Dataset entries:
════════════════

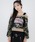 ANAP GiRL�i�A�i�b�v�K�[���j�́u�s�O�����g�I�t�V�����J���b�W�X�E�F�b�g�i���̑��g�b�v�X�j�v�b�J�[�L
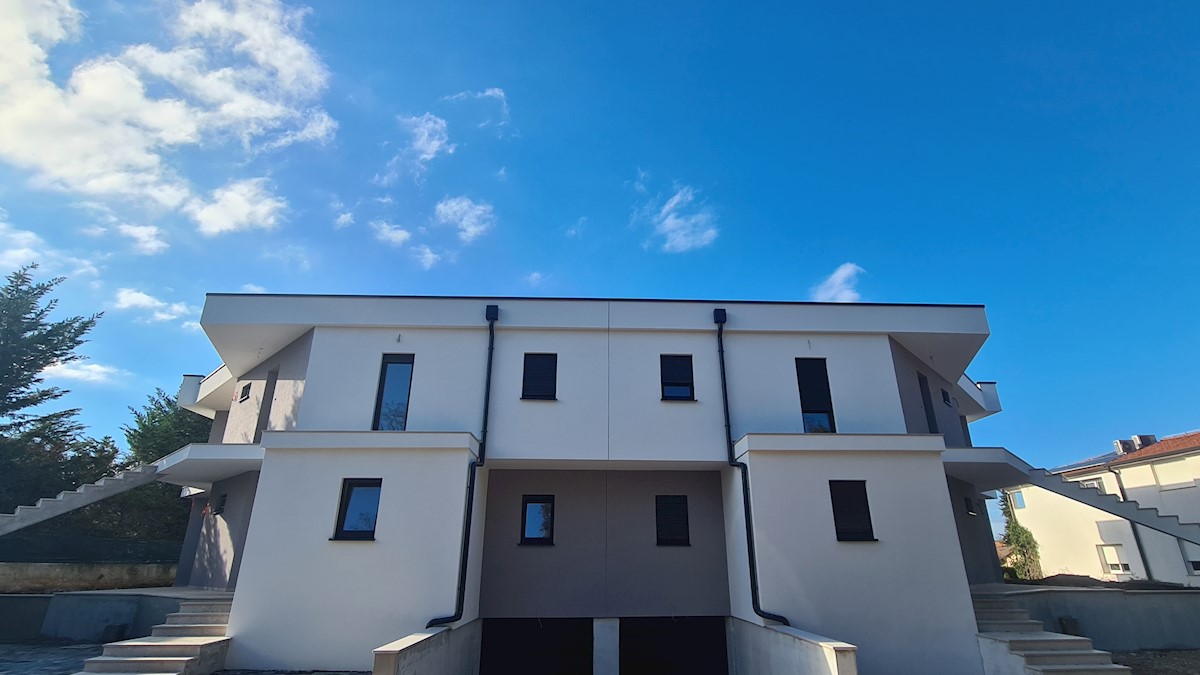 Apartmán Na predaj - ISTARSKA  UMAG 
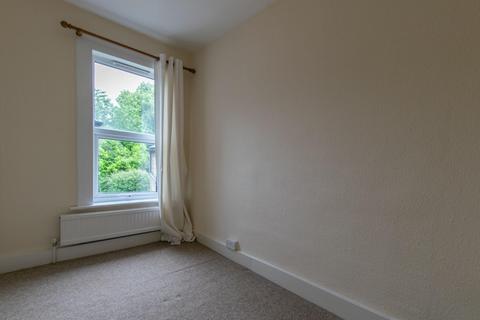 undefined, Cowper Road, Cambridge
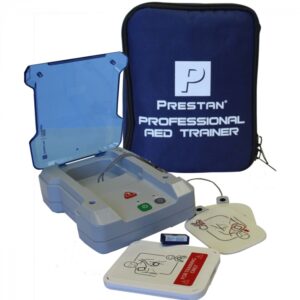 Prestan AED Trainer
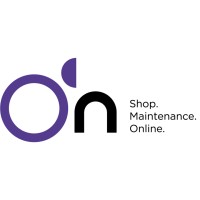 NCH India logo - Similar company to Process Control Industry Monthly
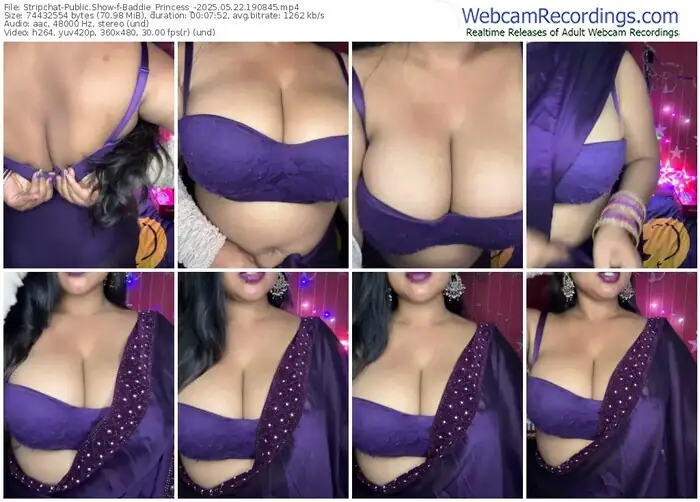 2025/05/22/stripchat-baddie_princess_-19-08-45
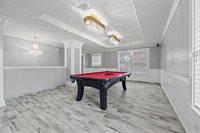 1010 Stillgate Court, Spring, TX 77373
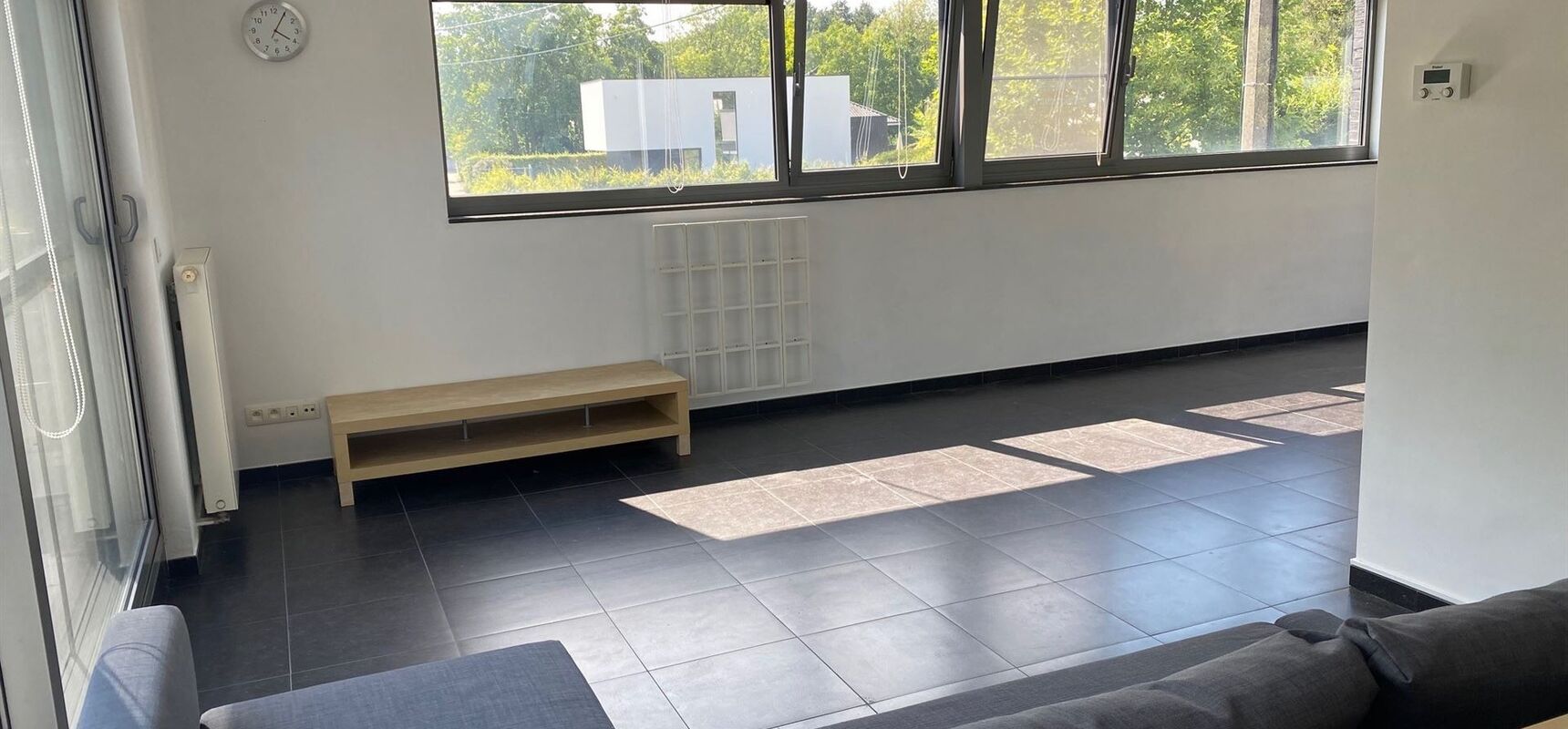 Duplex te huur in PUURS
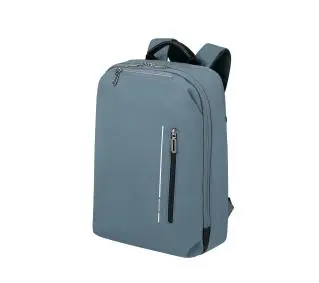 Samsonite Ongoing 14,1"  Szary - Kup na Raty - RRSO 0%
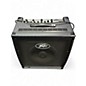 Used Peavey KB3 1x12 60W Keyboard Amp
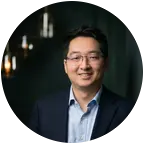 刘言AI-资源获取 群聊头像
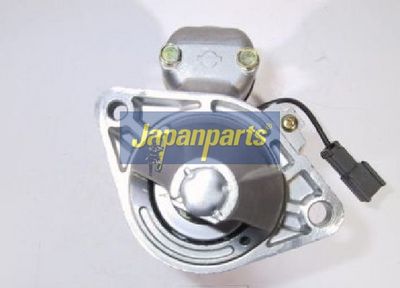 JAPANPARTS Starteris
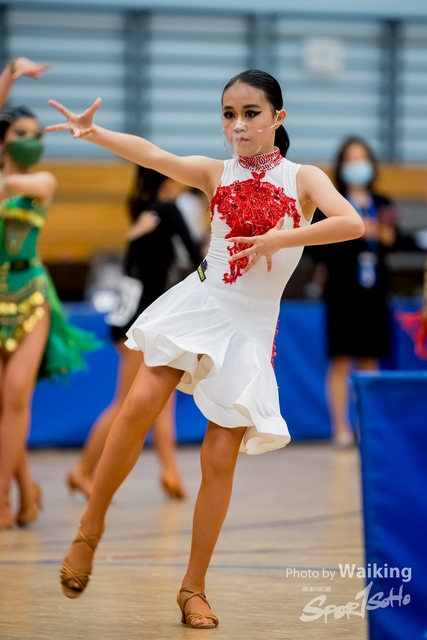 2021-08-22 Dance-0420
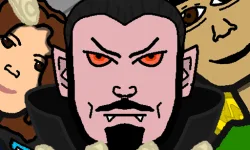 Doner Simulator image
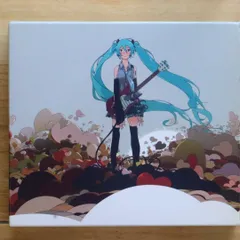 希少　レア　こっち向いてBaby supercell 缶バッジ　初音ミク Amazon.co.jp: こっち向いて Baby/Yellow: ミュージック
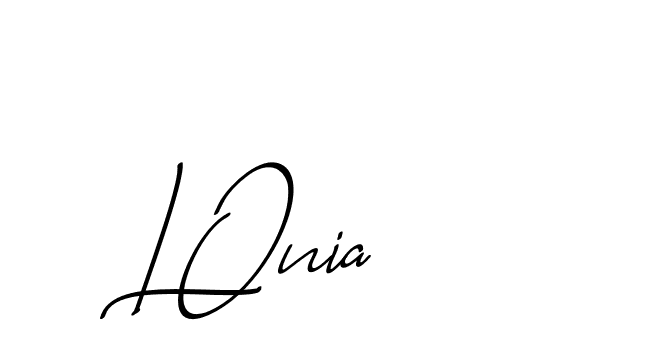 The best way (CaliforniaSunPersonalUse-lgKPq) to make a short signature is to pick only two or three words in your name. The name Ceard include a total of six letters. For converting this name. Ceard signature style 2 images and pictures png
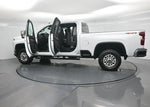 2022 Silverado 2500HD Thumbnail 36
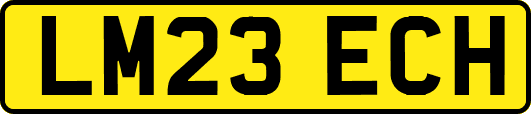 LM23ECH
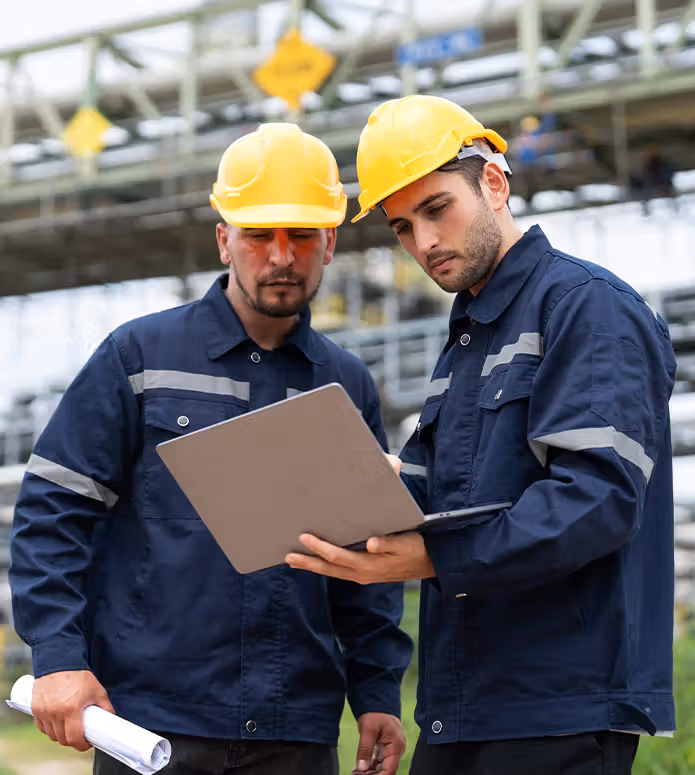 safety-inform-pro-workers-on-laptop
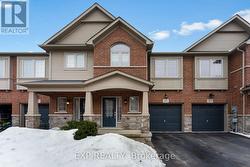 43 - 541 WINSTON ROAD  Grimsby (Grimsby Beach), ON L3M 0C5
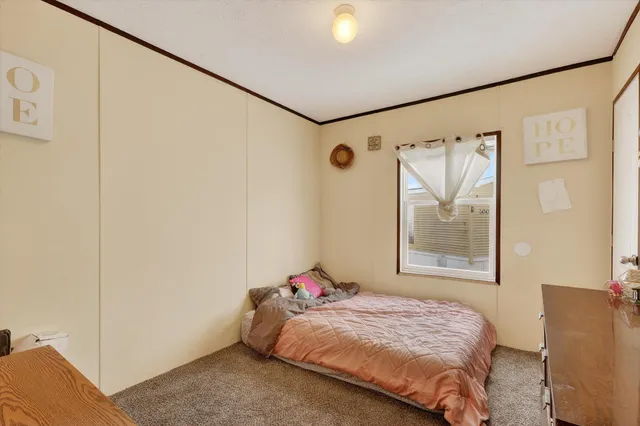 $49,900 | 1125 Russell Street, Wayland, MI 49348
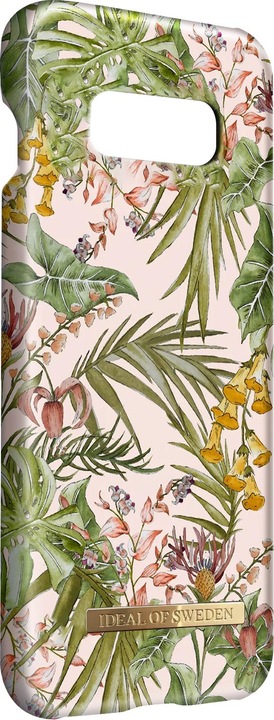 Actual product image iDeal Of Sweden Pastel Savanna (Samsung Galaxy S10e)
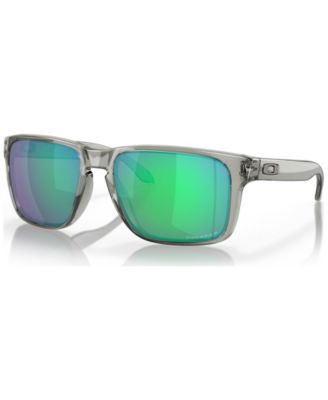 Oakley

════════════════

** Problem to work on **
Starting at the first line of the records and stopping after the line with "Raty - RRSO 0%", copy each line exactly; pictures stay out.

** Completed task **
 ANAP GiRL�i�A�i�b�v�K�[���j�́u�s�O�����g�I�t�V�����J���b�W�X�E�F�b�g�i���̑��g�b�v�X�j�v�b�J�[�L
 Apartmán Na predaj - ISTARSKA  UMAG 
 undefined, Cowper Road, Cambridge
 Prestan AED Trainer
 NCH India logo - Similar company to Process Control Industry Monthly
 2025/05/22/stripchat-baddie_princess_-19-08-45
 1010 Stillgate Court, Spring, TX 77373
 Duplex te huur in PUURS
 Samsonite Ongoing 14,1"  Szary - Kup na Raty - RRSO 0%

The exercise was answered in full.